Che c’entra questa domanda con “Umanesimo Manageriale”?

Ci vorrebbe forse un tempo potenzialmente infinito per trovare la risposta e forse non riusciremmo a trovarla mai.

Sono però convinta che le domande importanti, proprio quelle a cui non riusciamo a dare risposte “preconfezionate”, quelle che in fondo ci accompagnano per tutta la vita, riescono a farci crescere, evolvere, diventare persone migliori.

Per questo, nonostante l’impossibilità di arrivare ad una risposta, tendere alla Felicità dovrebbe essere principio base e fine ultimo di ogni persona e di ogni insieme di persone, compresa la Pubblica Amministrazione!

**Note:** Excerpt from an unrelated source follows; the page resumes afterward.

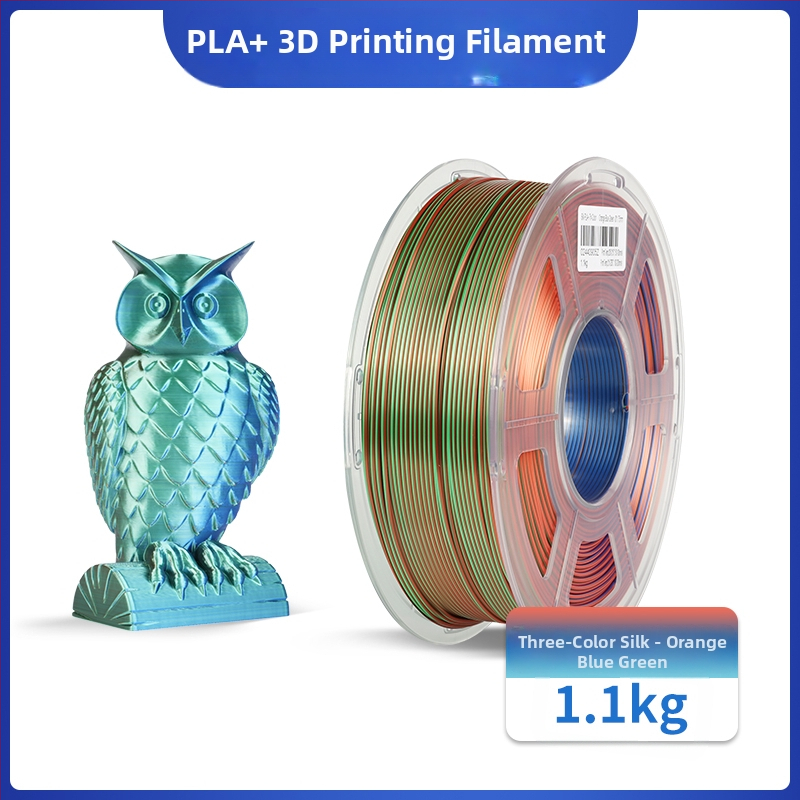 3D консумативи за принтиране: PLA нишка със сатенен ефект за писалки; тегло 1,3 кг; частна марка JAYO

Quando si parla di Pubblica Amministrazione, spesso sembra di sentir parlare di una entità astratta, distante anni luce dal mondo…ma che cos’è la Pubblica Amministrazione se non un gruppo di persone, parte di una collettività più ampia, il cui scopo è quello di creare “benessere”? I principi fondamentali della Costituzione del nostro Paese, in fondo, non sanciscono proprio questo? Garantire il bene degli individui che ne fanno parte?

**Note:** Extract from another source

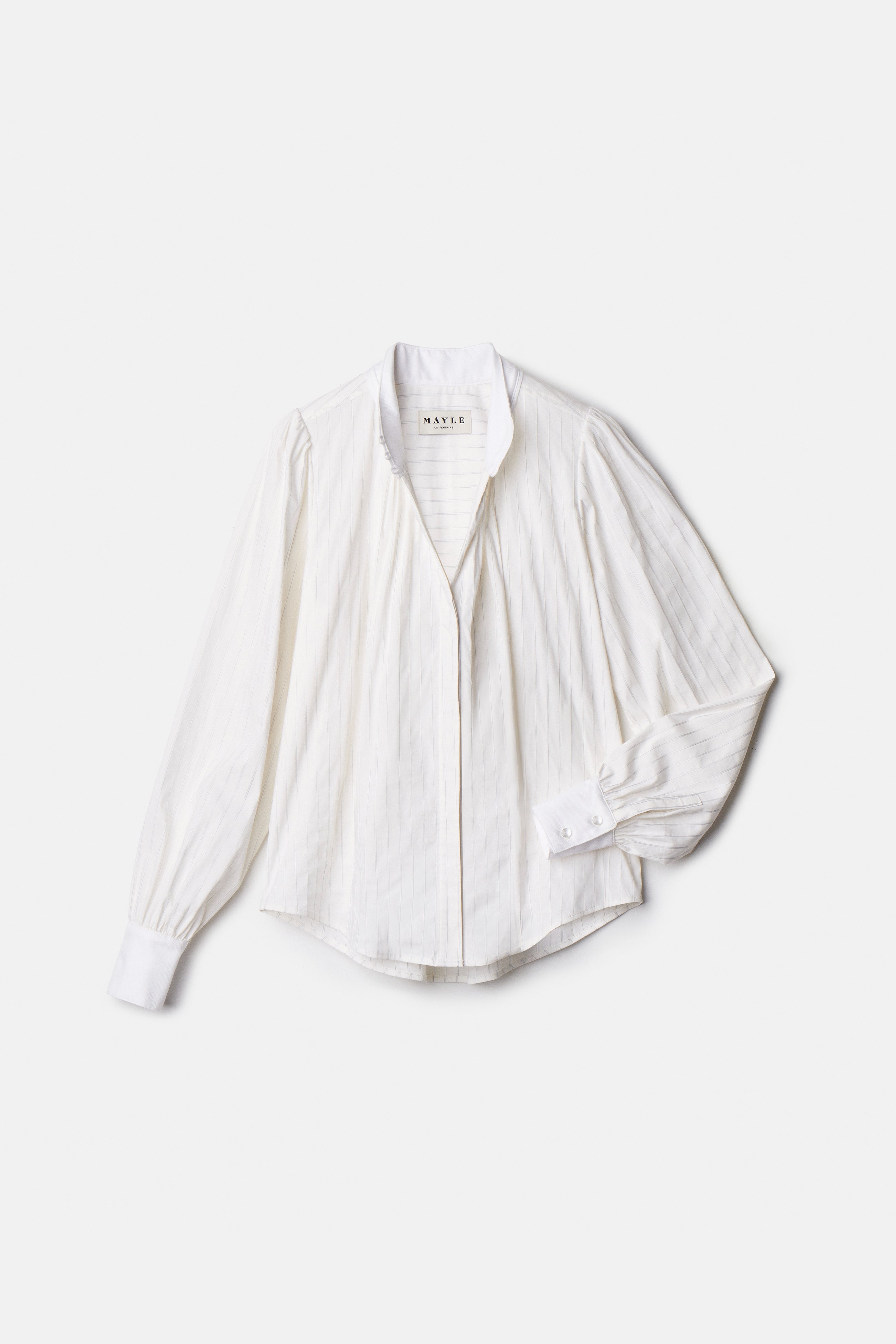 Val D’Isere Cotton Blouse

Persone che stanno bene con se stesse contribuiscono a costruire una società migliore e in quest’ottica praticare “Umanesimo Manageriale” in Pubblica Amministrazione e in generale nei contesti lavorativi, aiuta a costruire una società più sana.

Questo ce lo spiega molto bene Daniel Goleman nei suoi libri (“Intelligenza Emotiva” e “Essere Leader” per esempio) quando parla di Risonanza Emotiva.

Secondo questo approccio, Felicità non è, quindi, tanto una questione personale, ma relazionale.

Escludendo la vuota retorica, le frasi fatte e di circostanza, quelle che troviamo nei baci Perugina o nei biglietti di auguri, non si può dare una definizione certa di Felicità, non si può rinchiudere in un principio, in una formula con lettere o numeri: fai questa scelta di vita, applica questa formula e sarai sicuramente felice, formula “soddisfatti o rimborsati”, come nei migliori slogan pubblicitari…

Totò sosteneva che la Felicità non esiste, esistono forse, “momentini minuscolini di Felicità” (intervista ad Oriana Fallaci) John Lennon affermava che il “mestiere da fare da grandi” è essere felici, Benigni conferma, in uno dei suoi monologhi, che sicuramente la Felicità ce l’abbiamo e dobbiamo trovarla magari rovesciando “…i cassetti, i comodini che c'abbiamo dentro”, magari quelli più segreti.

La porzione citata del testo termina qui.